Но это слишком меня возмутило: я заступился за бедного турку и насилу привел его, изнеможенного и истекающего кровию, к кучке его товарищей. При них был полковник Анреп. Он курил дружелюбно из их трубок, несмотря на то, что были слухи о чуме, будто бы открывшейся в турецком лагере».
Безукоризненно относятся россияне и к населению:
«Однажды за обедом, разговаривая о тишине мусульманского города, занятого 10 000 войска, и в котором ни один из жителей ни разу не пожаловался на насилие солдата, граф вспомнил о хареме…»
Проверили положение женщин гарема — в порядке.
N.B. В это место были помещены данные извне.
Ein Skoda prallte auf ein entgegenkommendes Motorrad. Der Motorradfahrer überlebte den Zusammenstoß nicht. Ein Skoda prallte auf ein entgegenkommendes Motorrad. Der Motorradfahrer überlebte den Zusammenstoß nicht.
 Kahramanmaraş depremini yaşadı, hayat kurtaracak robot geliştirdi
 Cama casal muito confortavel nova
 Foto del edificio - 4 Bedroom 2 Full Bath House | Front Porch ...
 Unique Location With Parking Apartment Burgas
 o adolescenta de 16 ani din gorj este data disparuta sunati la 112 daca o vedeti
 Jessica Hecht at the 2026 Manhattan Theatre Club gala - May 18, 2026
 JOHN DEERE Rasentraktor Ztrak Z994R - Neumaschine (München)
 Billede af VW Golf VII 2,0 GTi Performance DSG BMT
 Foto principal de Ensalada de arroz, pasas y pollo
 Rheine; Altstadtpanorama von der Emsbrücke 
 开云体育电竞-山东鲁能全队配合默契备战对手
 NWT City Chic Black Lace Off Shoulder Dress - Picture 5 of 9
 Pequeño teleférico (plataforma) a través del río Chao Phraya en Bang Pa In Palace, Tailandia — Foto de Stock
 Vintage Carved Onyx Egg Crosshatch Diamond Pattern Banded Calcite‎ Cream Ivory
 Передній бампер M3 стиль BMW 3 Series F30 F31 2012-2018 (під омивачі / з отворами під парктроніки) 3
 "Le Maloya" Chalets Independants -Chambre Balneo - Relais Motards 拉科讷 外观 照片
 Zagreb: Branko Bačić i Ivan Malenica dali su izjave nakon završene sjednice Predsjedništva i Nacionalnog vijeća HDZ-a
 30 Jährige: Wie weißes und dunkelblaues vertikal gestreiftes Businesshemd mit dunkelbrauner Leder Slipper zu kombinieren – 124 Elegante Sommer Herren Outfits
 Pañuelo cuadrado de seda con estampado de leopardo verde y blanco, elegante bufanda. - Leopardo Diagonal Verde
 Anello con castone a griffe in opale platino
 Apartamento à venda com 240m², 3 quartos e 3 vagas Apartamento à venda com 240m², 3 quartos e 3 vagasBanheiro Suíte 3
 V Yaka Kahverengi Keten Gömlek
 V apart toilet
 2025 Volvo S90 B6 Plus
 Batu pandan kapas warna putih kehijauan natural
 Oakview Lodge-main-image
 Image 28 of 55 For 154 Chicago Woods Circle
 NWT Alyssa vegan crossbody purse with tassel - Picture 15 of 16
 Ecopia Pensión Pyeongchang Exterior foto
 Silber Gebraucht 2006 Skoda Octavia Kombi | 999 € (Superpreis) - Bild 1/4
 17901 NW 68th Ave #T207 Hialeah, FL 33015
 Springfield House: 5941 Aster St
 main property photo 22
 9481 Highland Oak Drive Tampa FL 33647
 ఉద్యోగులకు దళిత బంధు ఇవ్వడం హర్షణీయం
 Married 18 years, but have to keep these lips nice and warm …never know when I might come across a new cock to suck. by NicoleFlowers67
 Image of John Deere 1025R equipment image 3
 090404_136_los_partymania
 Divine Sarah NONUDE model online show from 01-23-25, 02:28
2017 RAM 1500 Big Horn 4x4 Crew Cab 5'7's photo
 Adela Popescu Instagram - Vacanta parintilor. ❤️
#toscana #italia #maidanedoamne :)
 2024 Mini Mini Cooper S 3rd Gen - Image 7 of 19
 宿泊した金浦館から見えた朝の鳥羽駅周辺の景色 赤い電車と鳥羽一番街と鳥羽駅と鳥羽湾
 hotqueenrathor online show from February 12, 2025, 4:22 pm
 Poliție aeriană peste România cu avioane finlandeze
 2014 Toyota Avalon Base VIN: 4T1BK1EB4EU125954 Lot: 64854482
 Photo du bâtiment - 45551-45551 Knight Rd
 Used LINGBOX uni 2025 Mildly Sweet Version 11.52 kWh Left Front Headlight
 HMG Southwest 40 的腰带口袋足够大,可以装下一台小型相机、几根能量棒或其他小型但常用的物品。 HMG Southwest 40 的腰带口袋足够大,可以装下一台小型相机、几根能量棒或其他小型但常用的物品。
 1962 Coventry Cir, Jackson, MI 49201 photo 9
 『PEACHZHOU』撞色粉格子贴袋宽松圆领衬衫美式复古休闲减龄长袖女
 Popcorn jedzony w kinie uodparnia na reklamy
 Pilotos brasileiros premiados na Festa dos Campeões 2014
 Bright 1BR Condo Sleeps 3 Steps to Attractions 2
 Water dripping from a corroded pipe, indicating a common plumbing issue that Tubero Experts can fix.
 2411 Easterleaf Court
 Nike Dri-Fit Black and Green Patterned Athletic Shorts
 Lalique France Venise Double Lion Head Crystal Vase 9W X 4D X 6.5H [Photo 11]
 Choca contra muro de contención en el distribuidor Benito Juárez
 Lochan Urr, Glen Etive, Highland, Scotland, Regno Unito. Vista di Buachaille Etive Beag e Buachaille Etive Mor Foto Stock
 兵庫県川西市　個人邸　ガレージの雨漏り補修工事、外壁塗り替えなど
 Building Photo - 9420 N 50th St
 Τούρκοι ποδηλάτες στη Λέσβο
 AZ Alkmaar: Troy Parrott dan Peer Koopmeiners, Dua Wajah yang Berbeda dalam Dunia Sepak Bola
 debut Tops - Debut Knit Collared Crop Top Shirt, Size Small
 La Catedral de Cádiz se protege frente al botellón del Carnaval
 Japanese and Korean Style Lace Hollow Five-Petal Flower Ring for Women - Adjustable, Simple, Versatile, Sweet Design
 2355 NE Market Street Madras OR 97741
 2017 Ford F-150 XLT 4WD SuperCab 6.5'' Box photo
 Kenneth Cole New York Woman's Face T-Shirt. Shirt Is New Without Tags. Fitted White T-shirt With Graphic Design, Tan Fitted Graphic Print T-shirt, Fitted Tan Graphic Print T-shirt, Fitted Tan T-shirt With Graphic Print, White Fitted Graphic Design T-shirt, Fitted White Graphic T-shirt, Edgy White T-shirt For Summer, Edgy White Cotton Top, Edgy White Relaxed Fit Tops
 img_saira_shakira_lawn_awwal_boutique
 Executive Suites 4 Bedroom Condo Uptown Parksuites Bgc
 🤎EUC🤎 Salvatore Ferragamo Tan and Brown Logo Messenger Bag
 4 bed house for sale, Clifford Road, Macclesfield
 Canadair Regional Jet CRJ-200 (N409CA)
Их кормят, охраняют, и они ждут возвращения захваченного в плен Османа — Паши, которого отвезли пока для чего–то в Тифлис.
И что–то подозрительно: да не посмеялся ли Пушкин иносказательно?
Конечно посмеялся. Посмотрите в начало первой главы, как смеется над предшествующей войной, персидской, и над главнокомандующим на ней и на нынешней, турецкой, — как смеется специалист, генерал в отставке Ермолов:
«…Несколько раз принимался он говорить о Паскевиче, и всегда язвительно. Говоря о легкости его побед, он сравнивал его с Навином, перед которым стены падали от трубного звука, и называл графа Эриванского графом Ерихонским. «Пускай нападет он, говорил Ермолов, на пашу не умного, не искусного, но только упрямого, например на пашу, начальствовавшего в Шумле — и Паскевич пропал». Я передал Ермолову слова гр. Толстого, что Паскевич так хорошо действовал в персидскую кампанию, что умному человеку осталось бы только действовать похуже, чтоб отличиться от него. Ермолов засмеялся, но не согласился. «Можно было бы сберечь людей и издержки», сказал он».
Вот Пушкин и последовал в своем описании войны за ермоловским ярлыком — «графом Ерихонским»
. И посмеялся. Пусть не над кавказским войском — так над своим недавним представлением о нем, о России, о персонифицированном их воплощении — царе — как о несущих благо своему и чужим народам.А в конце 1829‑го? — Вот, вроде, освобождает Россия, ее царь и армия от турецкого владычества последнюю неосвобожденную территорию православной Армении… А скепсис ко всему на свете, навалившийся в 1829‑м на Пушкина, давит. Чем кончается описание побед и ожидание конца войны? — «Получено было печальное известие, что генерал Бурцов был убит под Байбуртом… это происшествие могло быть гибельно и для всего нашего малочисленного войска, зашедшего глубоко в чужую землю и окруженного неприязненными народами, готовыми восстать при слухе о первой неудаче. Итак, война возобновлялась!»
Видно, все–таки больше турок там жило, чем армян и скорее несправедливая эта новая война, чем справедливая. И потому надо было ее так подозрительно ура–патриотически описывать. Главное же, это было не начало 1828 года. Пушкин уже разочаровался в надежде на прогрессивность Николая I. Пушкин уже отошел от общественных умеренных идеалов и исповедовал индивидуалистический идеал Дома и Семьи. И ему все никак не удавалось этот идеал достичь, в частности, и из–за изъянов российского общества. А в арзрумский поход он бросился от отчаяния из–за неудачного сватовства к Наталье Гончаровой. И вот — перед нами скепсис ко всему, подколка армии, а может, и вообще межнациональной политики России.